Report each line from the data below that holds the word "after".

(Beginning of Material provided)

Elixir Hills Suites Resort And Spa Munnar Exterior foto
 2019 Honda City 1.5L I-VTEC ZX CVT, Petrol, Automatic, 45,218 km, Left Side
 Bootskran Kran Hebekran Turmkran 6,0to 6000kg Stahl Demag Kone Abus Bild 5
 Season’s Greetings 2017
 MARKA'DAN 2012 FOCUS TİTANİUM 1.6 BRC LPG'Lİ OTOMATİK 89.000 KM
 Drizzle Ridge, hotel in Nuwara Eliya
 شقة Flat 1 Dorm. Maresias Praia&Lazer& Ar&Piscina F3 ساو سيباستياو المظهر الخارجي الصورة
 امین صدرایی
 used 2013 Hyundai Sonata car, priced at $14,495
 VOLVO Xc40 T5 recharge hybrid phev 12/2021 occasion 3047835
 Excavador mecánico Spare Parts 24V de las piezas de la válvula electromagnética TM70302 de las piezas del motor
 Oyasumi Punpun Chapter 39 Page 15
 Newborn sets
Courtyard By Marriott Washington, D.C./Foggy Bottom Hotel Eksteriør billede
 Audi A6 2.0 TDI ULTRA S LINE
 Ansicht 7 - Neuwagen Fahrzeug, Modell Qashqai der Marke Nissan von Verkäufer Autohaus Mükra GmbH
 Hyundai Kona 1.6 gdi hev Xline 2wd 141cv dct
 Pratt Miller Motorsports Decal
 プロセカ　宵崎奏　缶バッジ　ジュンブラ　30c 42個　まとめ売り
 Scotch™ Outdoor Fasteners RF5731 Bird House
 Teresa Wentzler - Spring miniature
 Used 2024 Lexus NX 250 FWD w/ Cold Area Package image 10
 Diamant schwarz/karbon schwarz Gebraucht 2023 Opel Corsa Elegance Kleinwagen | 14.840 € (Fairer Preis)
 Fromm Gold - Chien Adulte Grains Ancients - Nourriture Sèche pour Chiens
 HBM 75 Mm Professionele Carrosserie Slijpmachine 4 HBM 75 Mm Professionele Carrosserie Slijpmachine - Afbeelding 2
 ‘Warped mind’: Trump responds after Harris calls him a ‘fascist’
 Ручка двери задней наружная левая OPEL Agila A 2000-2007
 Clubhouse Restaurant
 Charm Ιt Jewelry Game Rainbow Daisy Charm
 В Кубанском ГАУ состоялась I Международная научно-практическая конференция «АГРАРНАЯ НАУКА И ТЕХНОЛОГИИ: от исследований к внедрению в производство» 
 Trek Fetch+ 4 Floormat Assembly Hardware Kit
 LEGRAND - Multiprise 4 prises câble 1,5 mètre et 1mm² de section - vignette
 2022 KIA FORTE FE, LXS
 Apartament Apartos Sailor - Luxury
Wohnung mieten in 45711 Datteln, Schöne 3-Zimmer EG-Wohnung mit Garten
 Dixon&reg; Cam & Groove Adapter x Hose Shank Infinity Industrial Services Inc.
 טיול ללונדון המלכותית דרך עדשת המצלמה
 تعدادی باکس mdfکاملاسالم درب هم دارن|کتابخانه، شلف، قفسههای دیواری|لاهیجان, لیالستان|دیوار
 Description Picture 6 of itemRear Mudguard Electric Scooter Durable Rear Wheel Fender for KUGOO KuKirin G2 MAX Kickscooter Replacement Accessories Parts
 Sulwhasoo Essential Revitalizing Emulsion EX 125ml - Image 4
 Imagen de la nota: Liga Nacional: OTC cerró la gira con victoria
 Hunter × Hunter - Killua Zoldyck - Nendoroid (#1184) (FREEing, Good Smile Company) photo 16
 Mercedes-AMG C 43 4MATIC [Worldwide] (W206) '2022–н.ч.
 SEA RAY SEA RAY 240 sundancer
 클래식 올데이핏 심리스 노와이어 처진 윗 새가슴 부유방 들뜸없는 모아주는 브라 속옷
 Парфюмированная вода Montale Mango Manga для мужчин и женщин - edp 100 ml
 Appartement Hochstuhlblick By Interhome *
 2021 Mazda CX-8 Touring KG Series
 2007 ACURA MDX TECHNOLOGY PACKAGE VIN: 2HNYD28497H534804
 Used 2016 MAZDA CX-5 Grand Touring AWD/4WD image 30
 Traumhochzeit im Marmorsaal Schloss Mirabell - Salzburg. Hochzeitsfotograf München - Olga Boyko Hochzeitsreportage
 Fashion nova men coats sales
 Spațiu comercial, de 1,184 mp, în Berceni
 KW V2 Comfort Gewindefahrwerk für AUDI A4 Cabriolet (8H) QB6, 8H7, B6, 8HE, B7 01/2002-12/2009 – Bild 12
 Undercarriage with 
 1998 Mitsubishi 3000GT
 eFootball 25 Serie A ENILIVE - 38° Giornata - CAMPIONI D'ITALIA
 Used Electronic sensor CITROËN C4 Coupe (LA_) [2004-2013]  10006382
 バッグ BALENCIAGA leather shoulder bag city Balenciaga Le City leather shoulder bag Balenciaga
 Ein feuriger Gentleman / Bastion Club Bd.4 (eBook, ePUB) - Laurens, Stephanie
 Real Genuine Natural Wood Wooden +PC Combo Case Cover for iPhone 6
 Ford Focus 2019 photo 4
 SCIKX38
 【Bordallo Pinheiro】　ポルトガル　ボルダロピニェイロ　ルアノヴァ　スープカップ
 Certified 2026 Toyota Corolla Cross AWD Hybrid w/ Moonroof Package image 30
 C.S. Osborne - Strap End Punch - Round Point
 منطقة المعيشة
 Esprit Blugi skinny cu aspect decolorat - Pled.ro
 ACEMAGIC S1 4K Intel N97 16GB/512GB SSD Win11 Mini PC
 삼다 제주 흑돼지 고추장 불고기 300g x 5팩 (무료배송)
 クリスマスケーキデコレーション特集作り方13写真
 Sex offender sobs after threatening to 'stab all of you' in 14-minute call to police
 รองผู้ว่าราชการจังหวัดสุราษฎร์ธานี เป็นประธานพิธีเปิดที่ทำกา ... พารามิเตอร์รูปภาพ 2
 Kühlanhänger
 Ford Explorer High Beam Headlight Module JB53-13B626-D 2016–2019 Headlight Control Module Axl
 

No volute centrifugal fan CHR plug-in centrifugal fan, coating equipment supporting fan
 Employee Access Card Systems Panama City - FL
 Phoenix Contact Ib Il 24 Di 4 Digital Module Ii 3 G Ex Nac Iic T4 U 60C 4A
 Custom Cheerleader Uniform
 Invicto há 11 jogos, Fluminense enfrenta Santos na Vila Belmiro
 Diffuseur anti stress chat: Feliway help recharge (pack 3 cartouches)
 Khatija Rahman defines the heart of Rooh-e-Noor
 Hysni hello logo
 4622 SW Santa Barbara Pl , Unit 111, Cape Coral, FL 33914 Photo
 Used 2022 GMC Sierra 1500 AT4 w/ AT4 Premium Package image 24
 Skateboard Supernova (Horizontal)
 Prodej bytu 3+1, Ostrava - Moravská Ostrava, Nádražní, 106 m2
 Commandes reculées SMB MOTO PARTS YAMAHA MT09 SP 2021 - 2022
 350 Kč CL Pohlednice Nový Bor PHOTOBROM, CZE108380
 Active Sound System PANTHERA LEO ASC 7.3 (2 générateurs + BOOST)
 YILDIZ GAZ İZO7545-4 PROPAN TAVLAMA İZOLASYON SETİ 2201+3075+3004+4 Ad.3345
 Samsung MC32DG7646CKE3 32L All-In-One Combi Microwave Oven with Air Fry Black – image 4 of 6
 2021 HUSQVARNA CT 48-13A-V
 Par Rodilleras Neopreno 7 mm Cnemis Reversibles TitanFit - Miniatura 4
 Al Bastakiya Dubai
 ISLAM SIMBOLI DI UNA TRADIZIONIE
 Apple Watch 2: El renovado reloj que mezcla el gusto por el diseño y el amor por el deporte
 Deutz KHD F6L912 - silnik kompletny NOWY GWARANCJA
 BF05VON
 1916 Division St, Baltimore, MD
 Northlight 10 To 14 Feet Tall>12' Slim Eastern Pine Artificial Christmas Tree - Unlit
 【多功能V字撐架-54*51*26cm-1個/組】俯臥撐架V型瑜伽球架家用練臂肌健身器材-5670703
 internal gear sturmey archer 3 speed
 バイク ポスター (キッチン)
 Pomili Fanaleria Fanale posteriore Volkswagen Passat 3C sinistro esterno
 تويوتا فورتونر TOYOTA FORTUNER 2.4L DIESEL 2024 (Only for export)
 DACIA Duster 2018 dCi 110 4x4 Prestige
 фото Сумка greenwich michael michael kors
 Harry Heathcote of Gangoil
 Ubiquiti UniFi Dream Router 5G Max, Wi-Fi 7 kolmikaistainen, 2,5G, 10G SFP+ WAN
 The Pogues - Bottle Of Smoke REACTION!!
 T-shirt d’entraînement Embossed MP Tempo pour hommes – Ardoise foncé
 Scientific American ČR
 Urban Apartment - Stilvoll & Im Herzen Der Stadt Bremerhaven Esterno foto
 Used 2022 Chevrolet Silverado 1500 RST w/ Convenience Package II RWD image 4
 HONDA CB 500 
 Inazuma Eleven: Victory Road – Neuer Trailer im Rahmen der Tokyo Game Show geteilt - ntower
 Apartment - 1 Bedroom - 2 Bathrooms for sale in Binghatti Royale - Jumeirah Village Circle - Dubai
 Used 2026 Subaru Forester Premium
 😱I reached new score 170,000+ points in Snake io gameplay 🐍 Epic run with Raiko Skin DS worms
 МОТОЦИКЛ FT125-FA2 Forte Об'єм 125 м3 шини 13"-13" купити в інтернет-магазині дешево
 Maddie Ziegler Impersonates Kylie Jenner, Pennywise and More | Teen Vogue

(End of Material provided)

Response
 ‘Warped mind’: Trump responds after Harris calls him a ‘fascist’
 Sex offender sobs after threatening to 'stab all of you' in 14-minute call to police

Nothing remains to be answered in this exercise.